:: INFORMATION PROVIDED

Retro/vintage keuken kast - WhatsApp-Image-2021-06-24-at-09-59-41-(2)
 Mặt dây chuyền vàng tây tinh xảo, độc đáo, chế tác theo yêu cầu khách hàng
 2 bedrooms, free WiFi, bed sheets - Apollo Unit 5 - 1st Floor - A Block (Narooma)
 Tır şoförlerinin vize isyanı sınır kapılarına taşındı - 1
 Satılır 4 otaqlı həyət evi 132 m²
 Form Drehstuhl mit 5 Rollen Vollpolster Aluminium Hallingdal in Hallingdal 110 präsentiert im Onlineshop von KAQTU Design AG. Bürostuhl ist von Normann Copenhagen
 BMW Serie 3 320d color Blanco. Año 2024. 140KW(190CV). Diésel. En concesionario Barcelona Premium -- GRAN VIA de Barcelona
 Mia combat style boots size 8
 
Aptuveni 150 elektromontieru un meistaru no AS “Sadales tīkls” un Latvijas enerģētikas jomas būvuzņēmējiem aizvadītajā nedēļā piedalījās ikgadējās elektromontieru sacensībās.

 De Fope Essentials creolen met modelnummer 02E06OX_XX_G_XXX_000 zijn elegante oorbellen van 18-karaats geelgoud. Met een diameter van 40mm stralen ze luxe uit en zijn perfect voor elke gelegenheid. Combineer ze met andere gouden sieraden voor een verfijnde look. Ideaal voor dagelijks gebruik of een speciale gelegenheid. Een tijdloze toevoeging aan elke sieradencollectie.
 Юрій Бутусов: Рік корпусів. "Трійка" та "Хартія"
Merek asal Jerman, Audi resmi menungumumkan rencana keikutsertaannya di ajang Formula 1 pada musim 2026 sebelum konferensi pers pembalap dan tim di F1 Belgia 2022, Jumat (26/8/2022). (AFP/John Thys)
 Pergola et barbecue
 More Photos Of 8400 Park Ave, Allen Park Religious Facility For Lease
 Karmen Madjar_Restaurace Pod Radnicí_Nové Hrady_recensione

::::

- _WORK TO BE COMPLETED_
Output the line that contains "De Fope Essentials", followed by every later line in the listing, with no line omitted and none added.

- _RESPONSE TO THIS EXERCISE_
 De Fope Essentials creolen met modelnummer 02E06OX_XX_G_XXX_000 zijn elegante oorbellen van 18-karaats geelgoud. Met een diameter van 40mm stralen ze luxe uit en zijn perfect voor elke gelegenheid. Combineer ze met andere gouden sieraden voor een verfijnde look. Ideaal voor dagelijks gebruik of een speciale gelegenheid. Een tijdloze toevoeging aan elke sieradencollectie.
 Юрій Бутусов: Рік корпусів. "Трійка" та "Хартія"
Merek asal Jerman, Audi resmi menungumumkan rencana keikutsertaannya di ajang Formula 1 pada musim 2026 sebelum konferensi pers pembalap dan tim di F1 Belgia 2022, Jumat (26/8/2022). (AFP/John Thys)
 Pergola et barbecue
 More Photos Of 8400 Park Ave, Allen Park Religious Facility For Lease
 Karmen Madjar_Restaurace Pod Radnicí_Nové Hrady_recensione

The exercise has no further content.